Dataset content: Begin

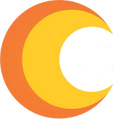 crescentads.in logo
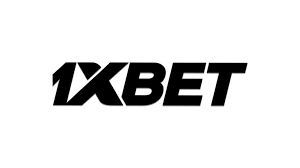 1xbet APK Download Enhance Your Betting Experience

Dataset content: End
Dataset content: Begin

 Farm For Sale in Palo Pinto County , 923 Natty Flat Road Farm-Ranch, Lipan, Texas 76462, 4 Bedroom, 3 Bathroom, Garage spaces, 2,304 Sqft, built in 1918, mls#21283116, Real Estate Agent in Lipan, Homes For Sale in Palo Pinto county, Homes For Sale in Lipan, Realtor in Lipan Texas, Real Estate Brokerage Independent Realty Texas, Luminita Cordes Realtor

Dataset content: End

What to do —
Given the listing above, repeat exactly the lines starting at the one with "crescentads.in logo" and ending at the one with "1xbet APK Download", inclusive, excluding pictures.

Answer —
 crescentads.in logo
 1xbet APK Download Enhance Your Betting Experience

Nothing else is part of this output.